For those with long memories, for a long time the only way you could actually stream Apple’s events was through Safari and/or an Apple device, and then Microsoft Edge. Grabbing the direct stream via something like VLC was possible but required a level of technical know-how; expanding to Youtube dramatically boosts the potential audience for this. A fun little historical footnote on the slow trend of a far more open Apple under Cook.

The Talk Show Live From WWDC 2019

This year at WWDC John Gruber hosted Craig Federighi and Greg Joswiak on-stage for the live edition of The Talk Show. Some impressions:

  • The ASIC in the Mac Pro used to accelerate ProRes workflows is reprogrammable. I wonder if Apple’s going to offer different flavors for other industries to try and help push adoption into areas that Apple has very little toeholds in; while they remain very strong in desktop and web publishing, video, and color correction, high-end post production and niches like scientific modeling are often dominated by UNIX or specialized tools.
  • No price on the Mac Pro’s wheels were given.
  • With Sidecar, Apple is doubling down on the MacBook Pro’s Touch Bar, offering it in virtual form on users’ iPads regardless of the Mac you’re using the iPad with.
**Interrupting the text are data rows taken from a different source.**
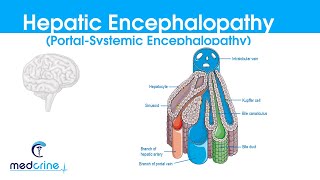 Hepatic Encephalopathy portal systemic encephalopathy causes classification featuresDX and rx [upl. by Suzanna]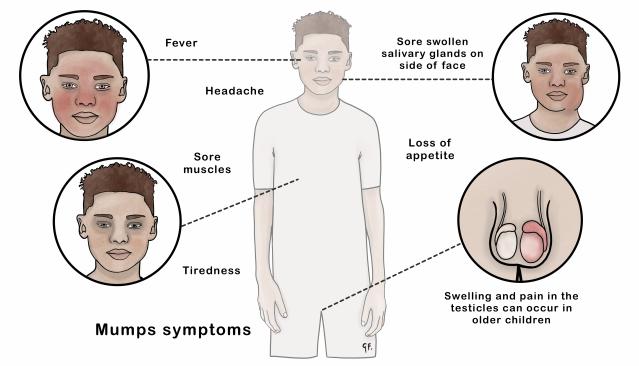 Illustration of mumps symptoms in a young child, showing fever, headache, sore swollen salivary glands on the side of the face, sore muscles, tiredness, and loss of appetite. An inset view highlights that swelling and pain in the testicles can occur in older children.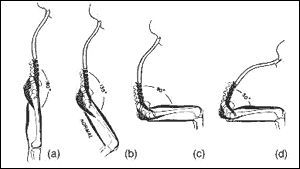 fig3.gif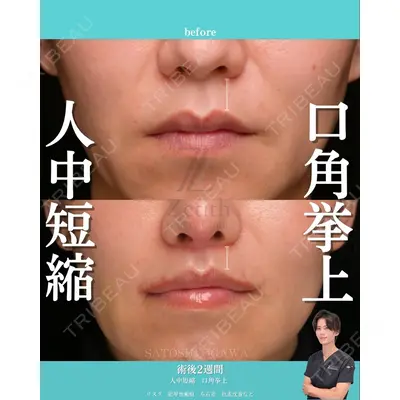 Zetith Beauty Clinic 銀座院 小川 悟史医師の症例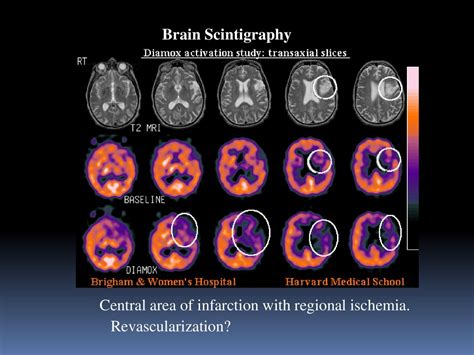Brain Scintigraphy Ppt Download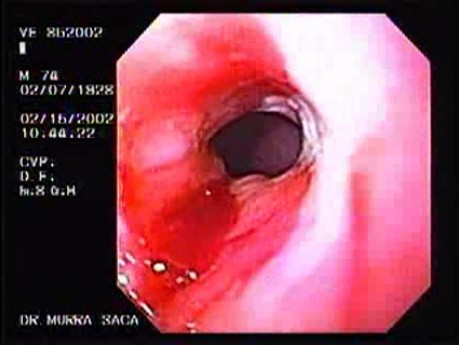 Slight Esophageal Stricture Due To Reflux Esophagitis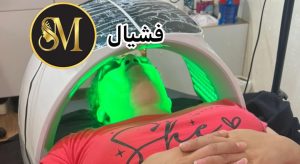 سالن زیبایی مهر مزونیدلینگ ژل لب تزریق بوتاکس در هفت تیر قم 2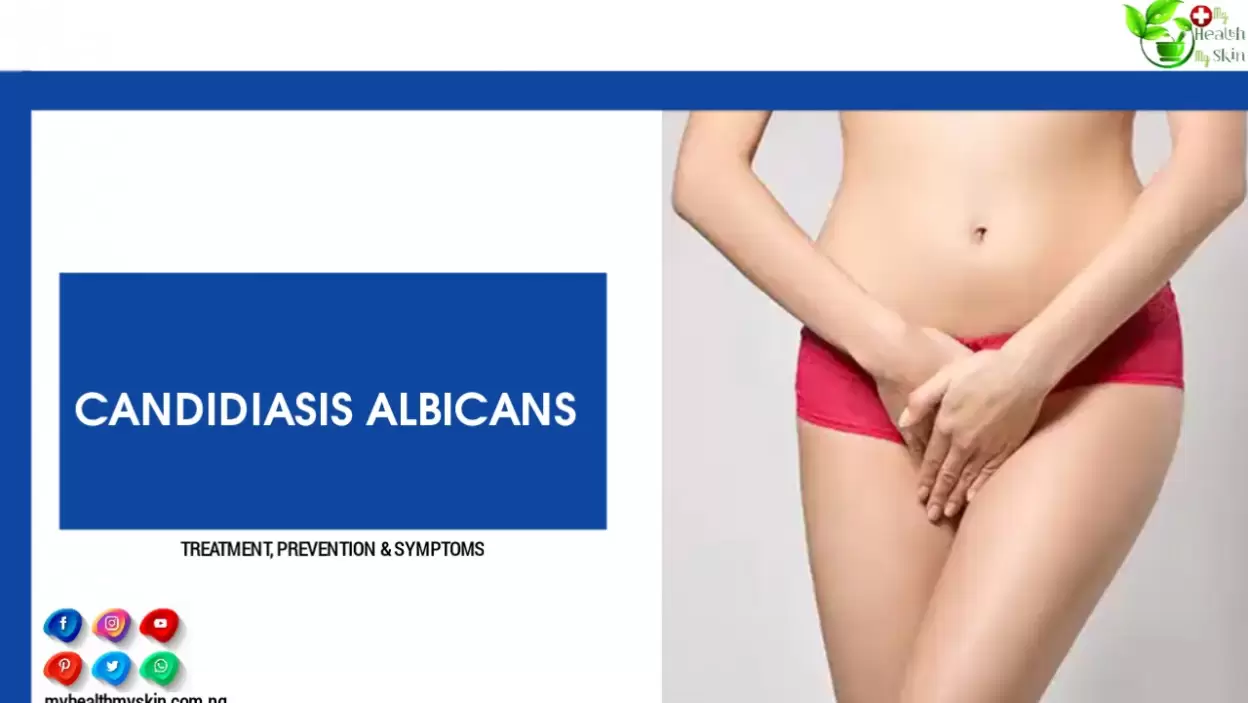 Candidiasis Albicans: Treatment, Prevention & Symptoms – 13 Most Used Remedies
I’m guessing that alongside the rumors of a 16″ MacBook Pro that retains the Touch Bar and only adds back the escape key, they are going to keep it around, and having it be “universal” even to Macs that don’t have it is a way of encouraging developers to use it.
  • There are some good tidbits about crafting the keynotes, including the fact that there are metrics for how many slides each presenter can get through in a minute.
  • Apple will probably never be able to replicate Jobs’ personality and showmanship, but I think it’s inarguable that Federighi is the most entertaining of Apple’s presenters and certainly the one who seems to have the most rapport with the WWDC especially. Joswiak and Federighi’s banter is part of what gives Apple a real personality instead of feeling scripted.